YouTube monetizes Death

Hence the razor!

~Max

Can I hold your beer?

Just don’t spill any on the live wires. That’s not the buzz you’re looking for.

I may not be needing it for much longer! It’s yours!

Also dangerous.
Razors that is.

It’s not a matter of greed. It’s just a matter of what’s possible. With a platform as large as YouTube, it’s simply impossible for every video to be reviewed by intelligent, responsible, people. The only way the platform is even possible at all is to have a system of review, most of which is automated and/or crowdsourced. And those reviewers, bots, professionals, and crowds, will inevitably make some mistakes.

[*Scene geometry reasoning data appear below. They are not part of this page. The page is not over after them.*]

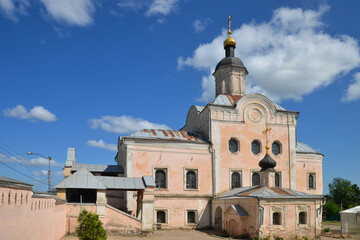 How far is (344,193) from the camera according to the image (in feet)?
148

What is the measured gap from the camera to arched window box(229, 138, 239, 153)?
77.5 ft

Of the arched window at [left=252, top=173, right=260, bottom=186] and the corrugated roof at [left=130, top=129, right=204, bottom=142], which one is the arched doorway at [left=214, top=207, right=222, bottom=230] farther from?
the corrugated roof at [left=130, top=129, right=204, bottom=142]

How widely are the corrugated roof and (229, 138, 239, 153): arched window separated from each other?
2.16 m

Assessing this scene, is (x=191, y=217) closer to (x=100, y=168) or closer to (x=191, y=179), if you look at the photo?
(x=191, y=179)

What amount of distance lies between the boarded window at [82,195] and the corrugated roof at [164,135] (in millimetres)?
4803

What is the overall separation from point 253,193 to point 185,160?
529 centimetres

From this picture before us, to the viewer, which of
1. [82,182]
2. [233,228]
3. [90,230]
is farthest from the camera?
[233,228]

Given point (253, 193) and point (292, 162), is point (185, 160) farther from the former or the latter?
point (292, 162)

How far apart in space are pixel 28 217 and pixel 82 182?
7.74m

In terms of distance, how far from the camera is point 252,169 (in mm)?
23578

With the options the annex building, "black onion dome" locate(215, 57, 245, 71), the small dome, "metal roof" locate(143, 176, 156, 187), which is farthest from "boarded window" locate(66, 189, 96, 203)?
the small dome

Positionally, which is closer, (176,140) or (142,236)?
(142,236)

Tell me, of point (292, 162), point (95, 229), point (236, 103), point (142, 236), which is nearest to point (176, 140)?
point (236, 103)

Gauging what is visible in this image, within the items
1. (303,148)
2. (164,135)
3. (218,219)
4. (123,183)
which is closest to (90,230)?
(123,183) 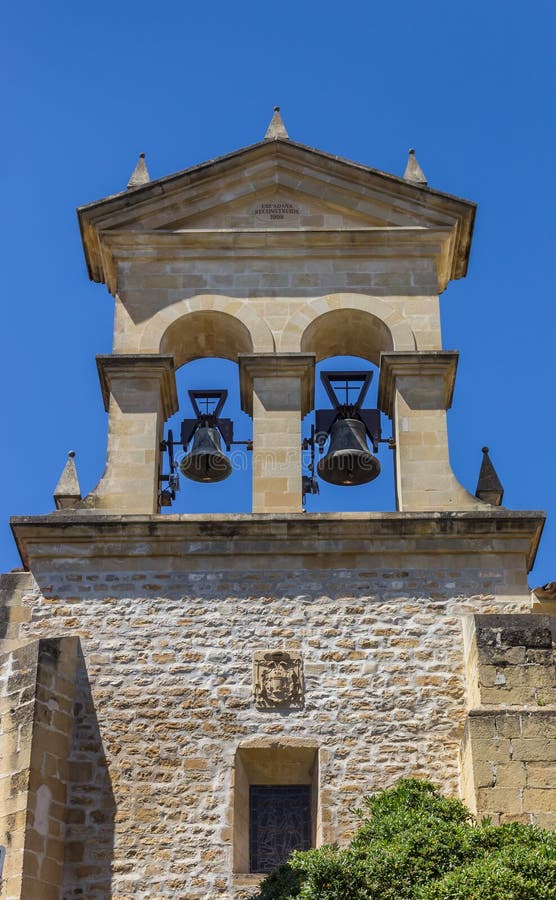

I’m reminded of a friend’s Facebook group that got Zucked for promoting pseudoscience because it was making fun of people who promote pseudoscience.

Yup, YouTube has no trouble taking down, multiple times and immediately no less, Thunderf00t’s video debunking a Covid denialist but the videos I reported for spreading Covid conspiracies are still up.

Aren’t there lots of Youtube videos in which someone demonstrates a 100000 A or 100000V power supply, or blows stuff up using (often homemade) explosives, or abuses microwave ovens in increasingly foolish ways, or shoots stuff up with military firearms, or handles dangerous chemicals, or races cars down city streets, you name it? It’s full of “don’t try this at home” videos for entertainment.

Why not? That’s the kind of buzz you can enjoy for the rest of your life!

Pinned comment.

You did it!! YouTube has REVERSED its decision & reinstated my original safety video! AMAZING EFFORT everyone, this is a really important issue & I believe it will genuinely save lives. Thank you for sharing, tweeting, commenting! Unfortunately, we lost 7000+ original comments but already 1000s of people have jumped on it again & the video is rising up search results for ‘fractal wood burning’. Let’s get it stuck at the top, so it’s the first thing that crafty folks see when they search the topic.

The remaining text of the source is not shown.